Rasathane’de kullanılan aletlerden beşincisi Rub-ı mıstar’dır. Aletin şekli dörtte bir dairedir. Aletin tahta olduğunu anlatabilmek için Rub-u Deffe (tahta kuadrant) adı verilmiştir. rub- ı mıstar’ı yapmak için 4,5 m uzunluğunda üç tahta cetvel alınır. Bunlardan ikisi aralarındaki açı 90° olacak şekilde uç kısımlarından birbirine eklenir. Yarıçapı 4,5 m olan dörtte bir çember yayıyla boşta kalan iki uç birleştirilir ve üçüncü cetvel bir ucu daire yayının orta noktasında, bir ucu kuadrantın tepe noktasında olmak üzere sisteme eklenir. Bu üçüncü cetvelin tam ortasından geçirilen bir eksenle sistem yer düzlemine dik bir sütuna sabitlenir. Sistemin düşeyliğini sağlamak ve yükseklik açısını ölçmek için kuadrantın tam merkezine bir çekül asılır. Böylece gökcisimlerinin yükseklik açıları dereceli yay üzerinde okunabilir.

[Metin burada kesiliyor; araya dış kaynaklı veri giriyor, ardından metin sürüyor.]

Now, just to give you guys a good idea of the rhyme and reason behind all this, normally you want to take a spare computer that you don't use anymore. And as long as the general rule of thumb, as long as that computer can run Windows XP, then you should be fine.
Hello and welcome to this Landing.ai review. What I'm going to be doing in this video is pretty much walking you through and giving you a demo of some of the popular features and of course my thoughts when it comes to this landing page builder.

Rasathanede kullanılan altıncı alet Zatü’l-ceyb’dir. Zat-ü’s-şu’beteyn gibi iki cetvelden yapılmıştır. Aynı uzunlukta iki cetvel bir eksen etrafında hareket edebilecek şekilde uçlarından birbirine tutturulmuş ve merkezden başlayarak 60’a kadar bölümlenmişlerdir. Cetvellerden birinin üzerinde, kolay gözlem yapabilmek için, iki doğrulayıcı ve bölümlemenin son çizgisine de bir çekül yerleştirilmiştir. Bazen çekül yerine üçüncü bir bölümlü cetvel konur. Bu durumda yıldızın yüksekliğinin sinüsü bu cetvel üzerinden okunabilir.

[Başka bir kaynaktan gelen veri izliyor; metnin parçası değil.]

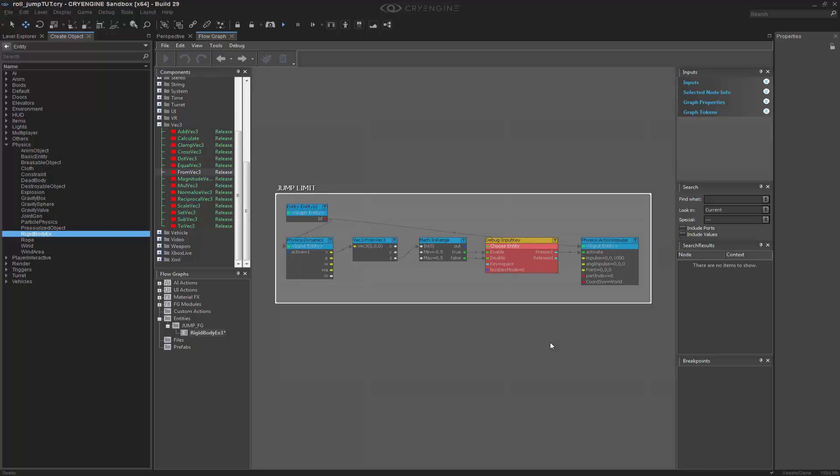That's all it is in regards to the jump limiting, and then we'll progress on in the next video to figure out how we can move back and forth to have a truly rolling sphere around.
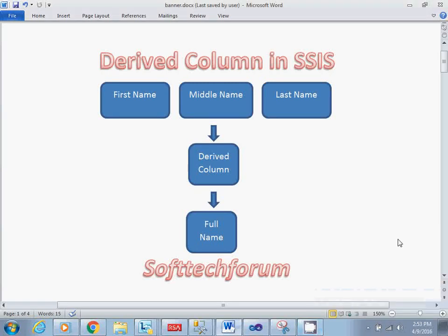Hello and welcome to Softtech Forum. Today we are going to learn how you can use derived column transformation in SSIS.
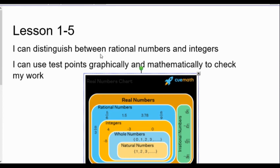First of all, I just want to make sure we understand the different types of numbers and how they impact on graphs. And then secondly, we're going to look at some test points and how to solve those graphically and mathematically to check the graphs that we're doing.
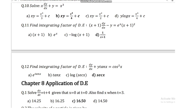Question number 12: find the integrating factor of differential equation dy/dx plus y tan x = 4 sec²x. The answer is sec x. In the next video we will see MCQs of chapter 8. Thank you.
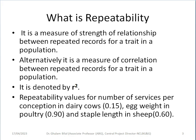So repeated records are basically repeated phenotypic values for the same trait. Now, what is repeatability? It is a measure of the strength of relationship between repeated records for a trait in a population. Alternatively, it is a measure of correlation between repeated records for a trait in a population. So the correlation between repeated records of the same trait in a population is basically repeatability.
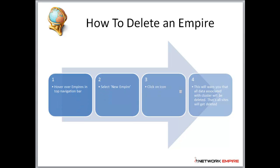Lastly, to delete an empire, hover over empires in the top navigation bar, select new empire, then when you see all your empires in your list, click on the bin icon. This will give you a warning saying all associated data will get deleted if you continue. When you confirm, it will delete that specific empire and all the projects.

Zatü’l-evtar Takiyüddin’in kullandığı aletlerden yedincisidir. Takiyüddin kendi buluşu olduğunu söylediği bu aleti Güneş’in ekinoks noktasına geldiği anı saptamak için kullanmıştır.

Takiyüddin’in buluşlarından biri de Müşebbehetü bi’l-monatık’dır. Bu alet yardımıyla iki yıldız arasındaki açısal uzaklıklar ölçülebiliyordu. Müşebbehetü bi’l-monatık yardımıyla Koç takımyıldızı içinde bulunan iki yıldızın açısal uzaklığı da ölçülmüştür.


Rasathane’de kullanılan son alet Bengam’dır. Bengam gökbilim gözlemlerinde Takiyüddin’in kullandığı astronomik bir saattir. Astronomik bir saatin bulunuşu ve gözlemlerde kullanılması ölçümlerin duyarlılığını artırması açısından son derece önemli bir gelişme olmuştur.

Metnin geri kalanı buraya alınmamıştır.